Planning reforms must go further to prevent judicial review acting as a costly break on major projects, infrastructure chiefs have warned.
Witnesses giving evidence to the Public Bill Committee told MPs the most critical weakness in the Planning and Infrastructure Bill legislation – which aims to accelerate the building of new homes and infrastructure – was its failure to clamp down on the delays caused by judicial review.
Sir John Armitt, former chair of the National Infrastructure Commission, said government recommendations to reduce the opportunities for judicial review did not go far enough and that “people will find ways” around them.
“Judicial review constantly acts as a brake, and influences those who are developing projects to try to cross that bridge before they get there: you put in more mitigation than ideally you would wish, which raises the cost, and you potentially finish up with a more expensive project than ideally you would have had,” he told the committee.
“That is the nature of people trying to second-guess what is going to be raised and how the judicial review will be handled.”
Armitt said he was unconvinced that proposals in the government’s planning reform working paper, published in January, would be enough to address the problem.
“Each year of judicial review is likely to potentially add a year to the process, and that is why it is difficult to see that these changes will benefit the overall process by more than six to 12 months, at the end of the day,” he said.
Robbie Owen, director of the National Infrastructure Planning Association, agreed the bill should be strengthened to tackle delays relating to judicial review and said the recommendations in the working paper were “really quite modest” and related largely to the permission stage of a review.

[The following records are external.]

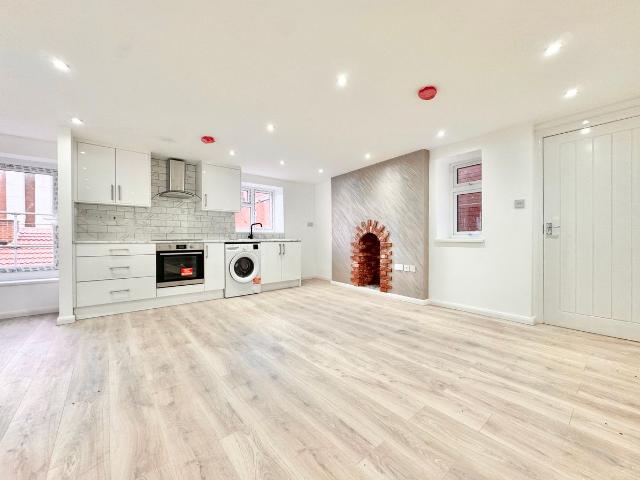 Tavern Street, Ipswich IP1, Studio to rent, £795 pcm | PrimeLocation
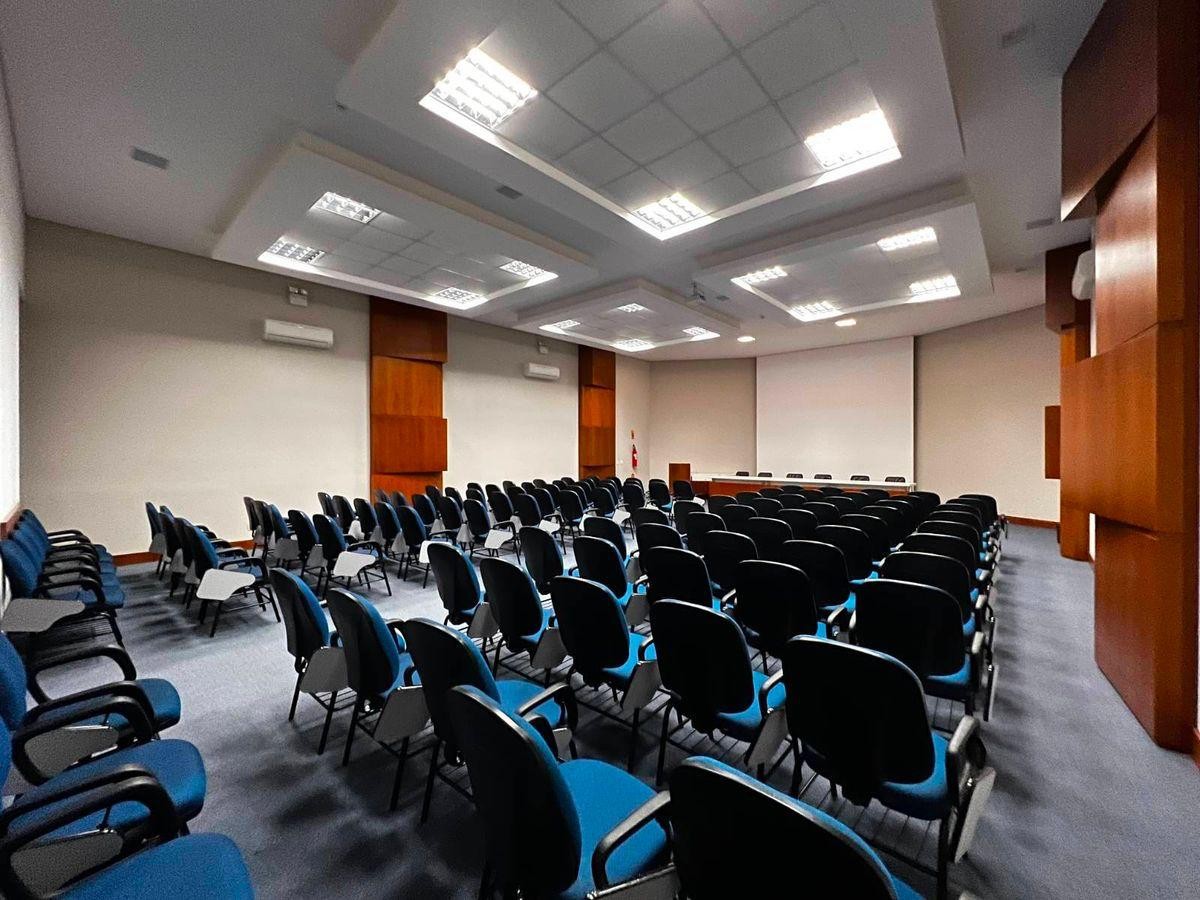 Sala comercial térrea com mezanino no Blue Chip – Centro de Jaraguá do Sul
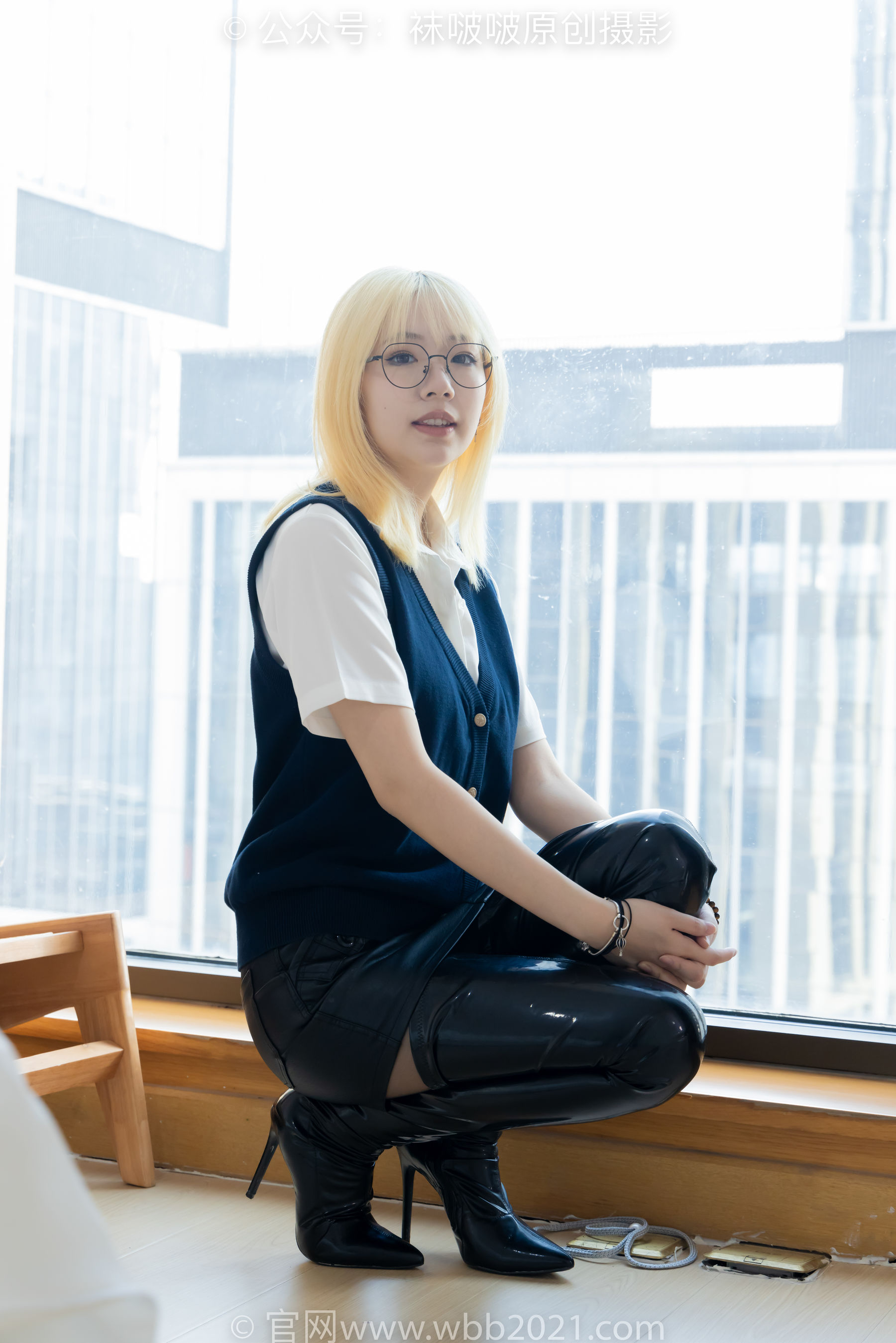 BoBoSocks袜啵啵 No.507 小甜豆 高跟长靴、薄黑丝、皮衣外套、ol风/(140P)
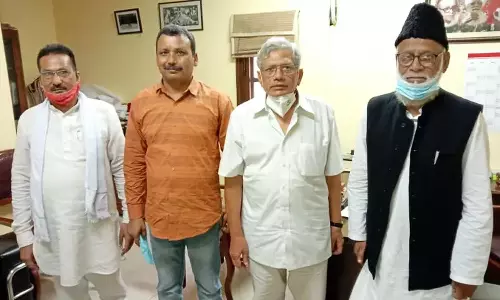 ഐ.എന്.എല് ദേശീയ പ്രസിഡന്റ് മുഹമ്മദ് സുലൈമാന് സീതാറാം യെച്ചൂരിയെ സന്ദര്ശിച്ചു ഐ.എന്.എല് ദേശീയ പ്രസിഡന്റ് മുഹമ്മദ് സുലൈമാന് സീതാറാം യെച്ചൂരിയെ സന്ദര്ശിച്ചു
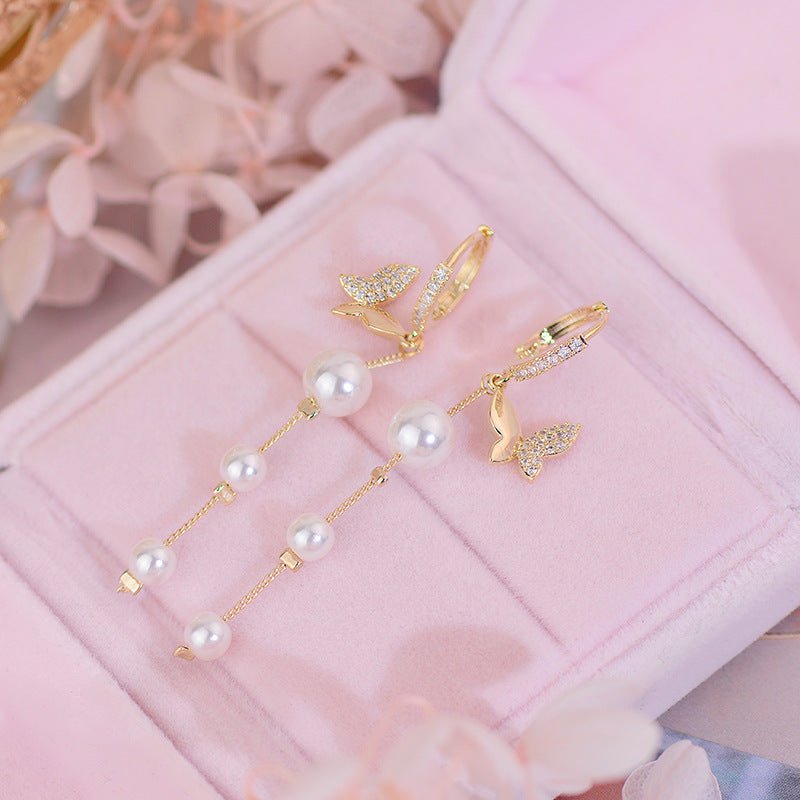 [] Butterfly Huggie Earrings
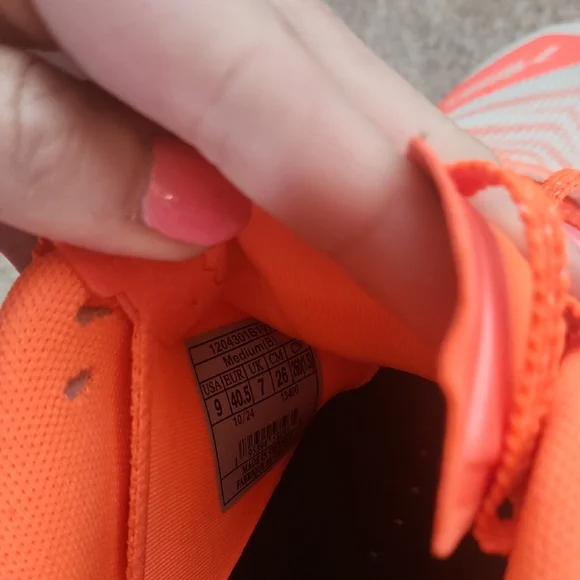 Brooks Women's Catamount 4 Running Shoes - Coral and White - Picture 4 of 7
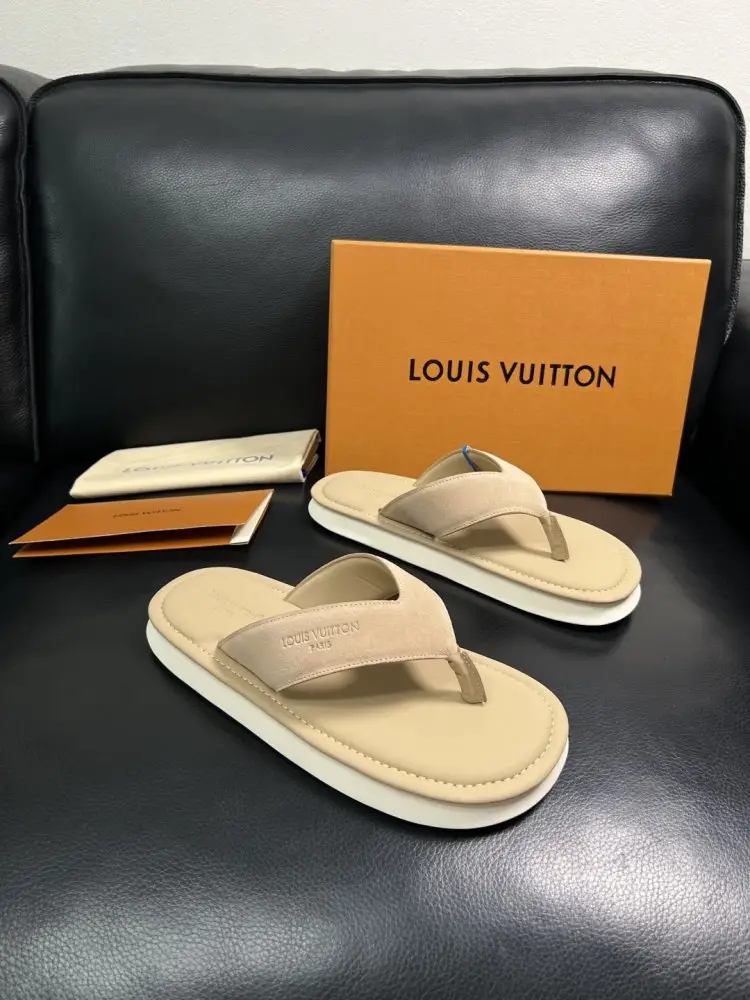 Louis Vuitton — Шльопанці чоловічі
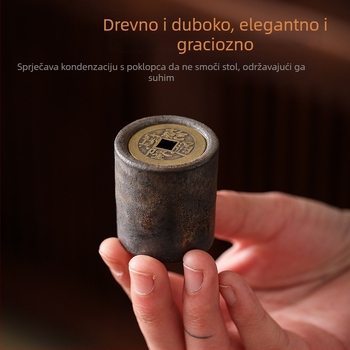 Keramički dodaci za čajnu ceremoniju: držač poklopca za čajnik i gaiwan; držač poklopca; keramički pladanj za čaj.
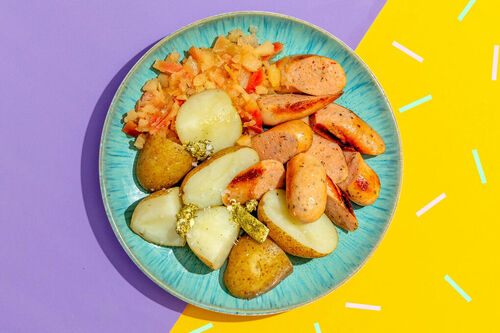 Schweinsbratwurst mit Apfelmus dazu Pellkartoffeln und Gewürzbutter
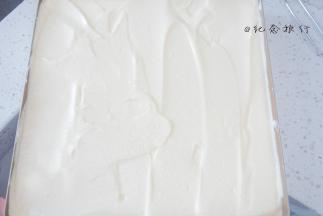 备28*28正方形烤盘垫上烤纸/油布，我四周没垫，金盘不粘效果好很容易取下来的
面糊用刮板迅速弄平整，你可以在烤盘下面垫一块湿布，然后敲几下让面糊更平整还有可以振荡出一些大气泡，如果你的面糊很稀不需要用刮板那么很遗憾不是消泡就是蛋白没有打到位
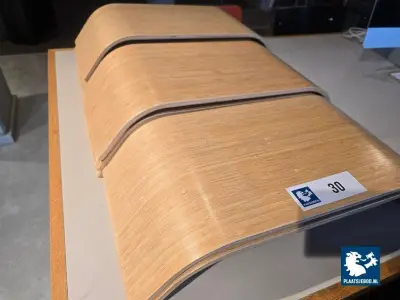 9 x Bamboo monitorstandaard – kavel bij Plaats Je Bod, Amsterdam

“Approximately 70 per cent of judicial review applications get permission and go forward, therefore we need to focus beyond the permission stage,” he told the committee.
He said the bill could be amended to allow Parliament to use a “simple one-clause bill” to confirm decisions to give development consent for projects of national priority.
“I think that is a very good way for Parliament, where it wishes, to express its support for a big, critical project,” he said.
Owen also called for a further streamlining of the Development Consent Order process to allow the standard process to be varied on a case-by-case basis, another idea that had been trailed in the working paper.
“I encourage you and your officials to have another look at that, because there is a justification for giving some degree of flexibility to reflect the nature and requirements of individual projects and how the standard process might need to be adapted to them,” he said.
Elsewhere in the discussion, he welcomed the announcement of reforms this week to cut the statutory pre-consultation period for major projects, with new guidance due to be published for applicants.
But he said more uniform guidance should also be given to public bodies on how to deal with applications relating to major infrastructure within their area.
“Response performances, if I can put it that way, from local authorities differ markedly across the country,” he said.
“Improved guidance could be given by ministers, not just to applicants about how they should go about their pre-application consultation and engagement, but to local authorities and other public bodies about how they should respond to proposals for national infrastructure.”